К сожалению, стихи я не старалась запомнить, никак не могла предположить, что их заберут при обыске, несмотря на мою настоятельную просьбу оставить их мне. Запомнились только две заключительные строки:
Он был точно гранит средь пламенного моря
И рухнул в пену волн, как молния, гроза!
В связи со смертью С. Орджоникидзе и торжественными похоронами очередной жертвы Сталина пленум был отложен на несколько дней и назначен на 23 февраля. Было получено второе извещение о созыве пленума, повестка дня которого — в отличие от первой — состояла не из двух, а из трех пунктов:
1. Вопрос об антипартийном поведении Н. Бухарина в связи с объявленной голодовкой пленуму.
2. Вопрос о Н. Бухарине и А. Рыкове.
3. Организационные вопросы.
Дополнительный пункт, внесенный в повестку дня, возмутил Н. И. О каком антипартийном поведении по отношению к пленуму могла идти речь, когда обвинения против него носили характер не антипартийных, а уголовных и могли быть предъявлены не политическому деятелю, а скорее бандиту с большой дороги. «В общественной жизни такого не бывает», — даже на процессе Бухарин сумел ввернуть такую фразу.
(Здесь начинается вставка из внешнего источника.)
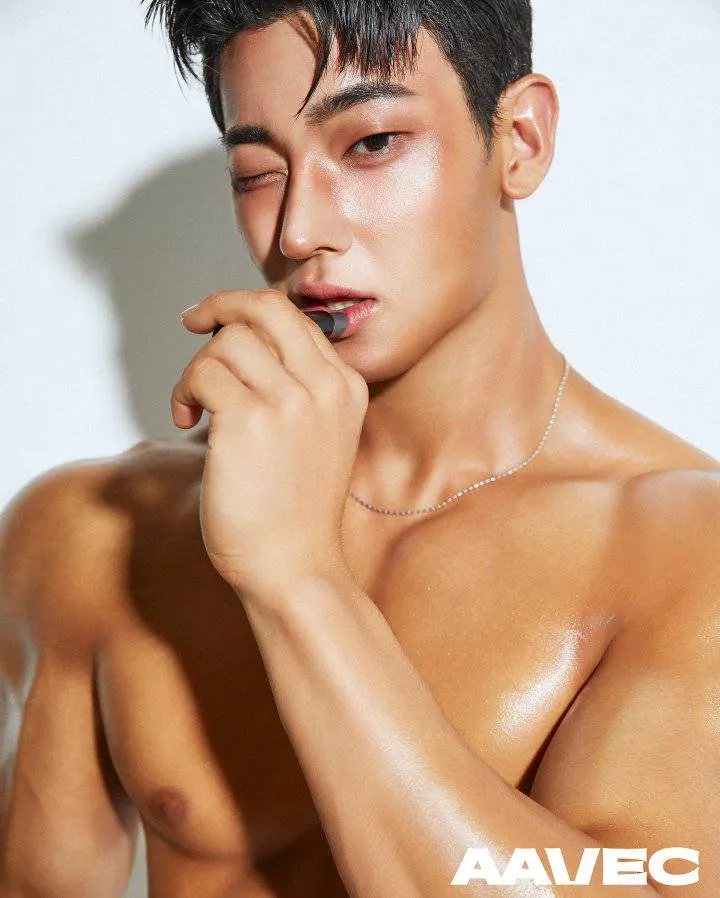 หนุ่มเกาหลีงานดี มีวาร์ป ( IG : hwi_hhh )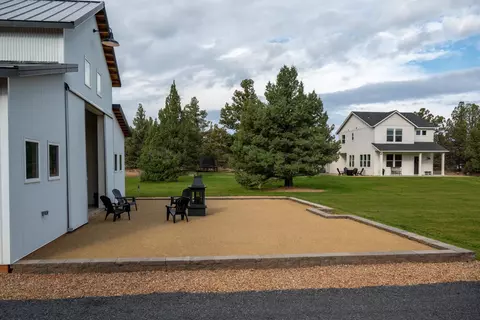 60950 Groff Rd, Bend, OR 97702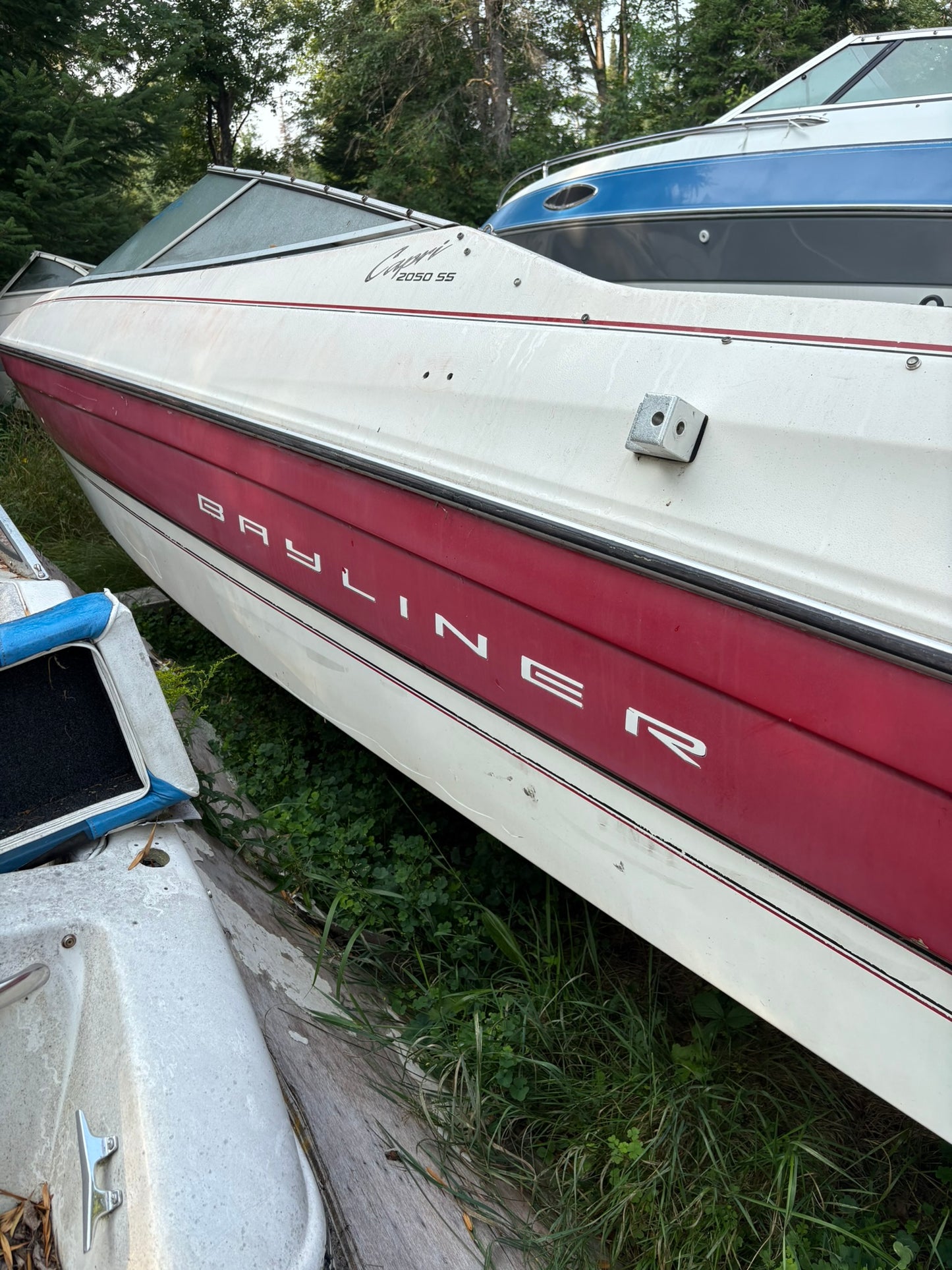 1998 Bayliner Capri 2050ss 3-Panel Curved Windshield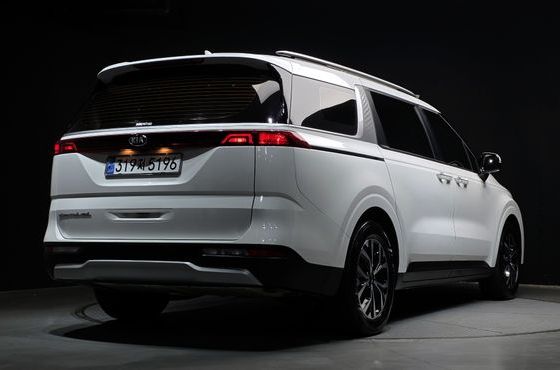 Kia Carnival 9-Seater Prestige — пробег 73 505 км — фото 2 из 5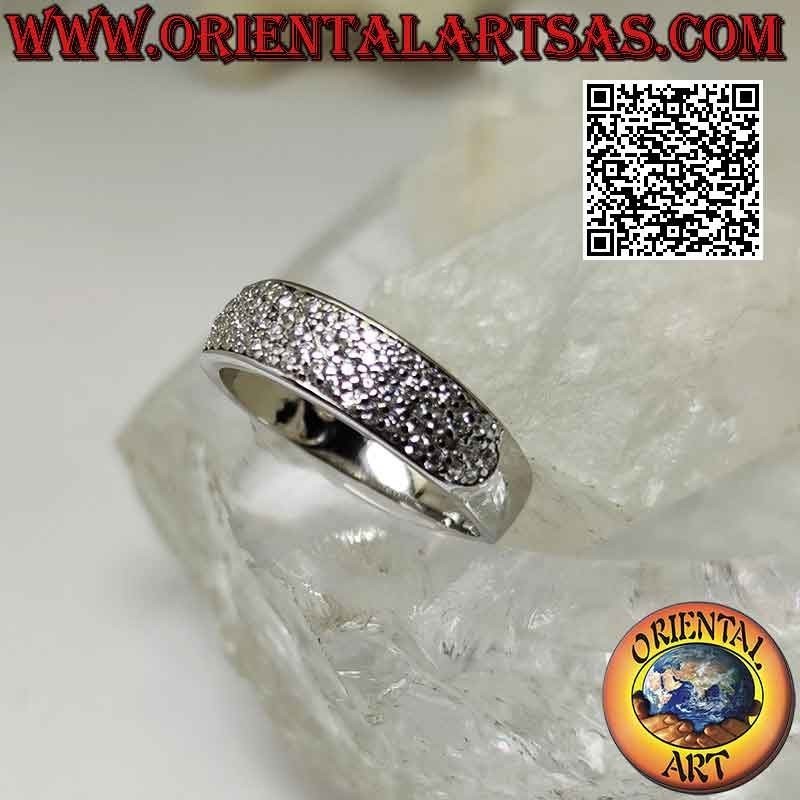 Anello in argento a fascia crescente tempestata per metà di zirconi bianchi incastonati (6 mm)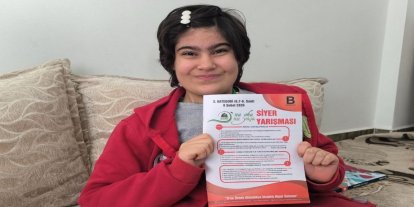 Azmiyle gönüllere dokundu: Engelli öğrenci Siyer Yarışmasına evinden katıldı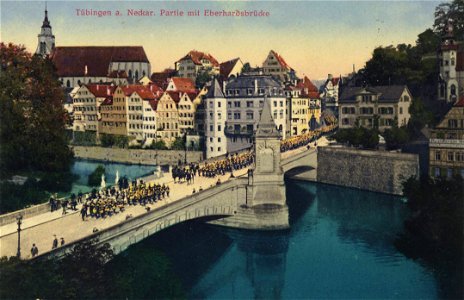 Tübingen - Militärparade auf der Eberhardsbrücke (AK 56457 Gebr. Metz 1914)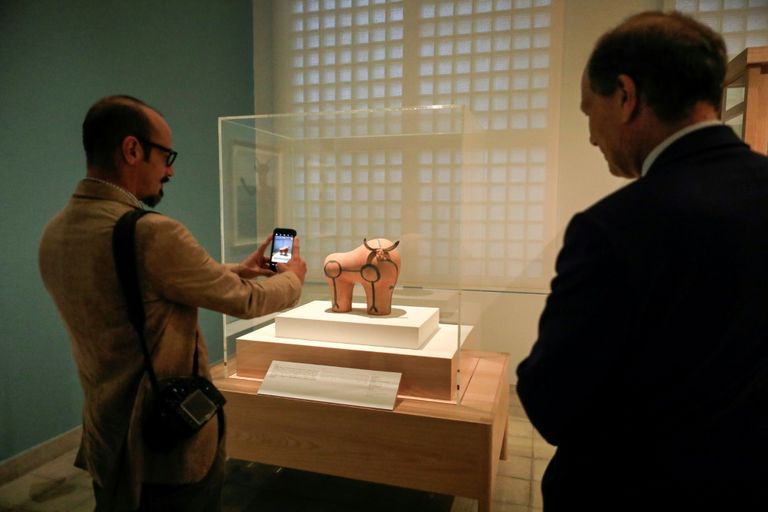 معرض أعمال بيكاسو الفخارية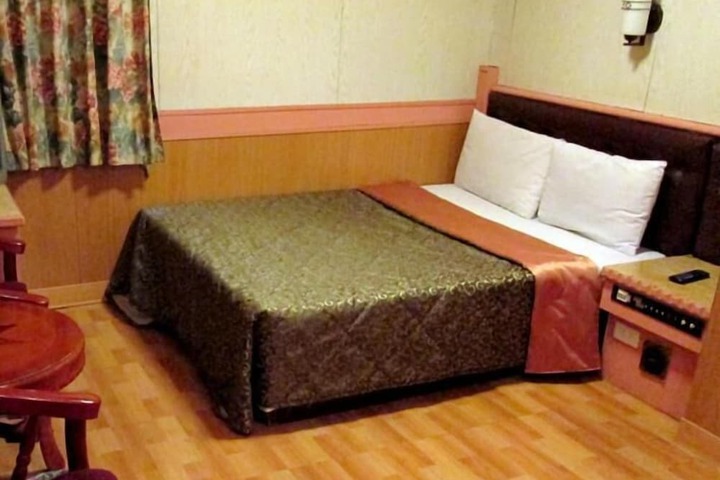 Room 17 of 35
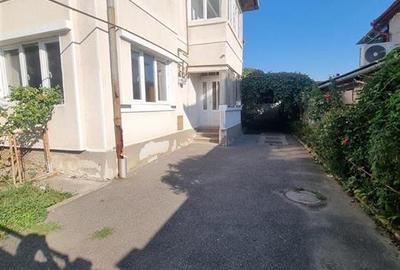 Casa cu etaj zona D-na Stanca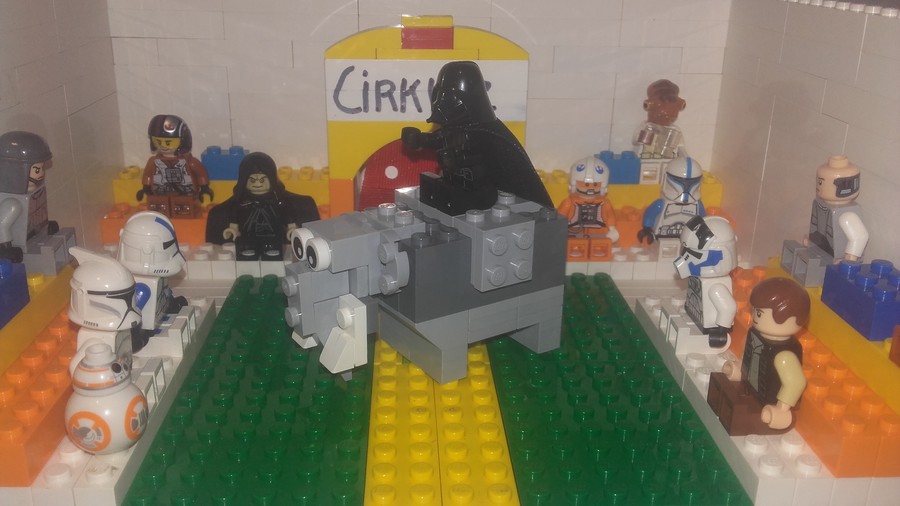 Cirkusz Darth Vaderrel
Но как ни был возмущен Н. И. отношением к его отчаянному протесту-голодовке, в то же самое время он был несколько озадачен дополнительным пунктом повестки дня пленума. Возможно, дела его не так уж и плохи, решил он, и Коба снова поразит неожиданностью, разыграет из себя человека, относящегося к позорному следствию с недоверием, и пощадит их обоих — он имел в виду и Рыкова. Ах, какими наивными кажутся теперь его рассуждения! Хотя, может быть, учитывая момент — психологию погибающего Бухарина в сочетании с характером Сталина, в этом его рассуждении были элементы здравого смысла.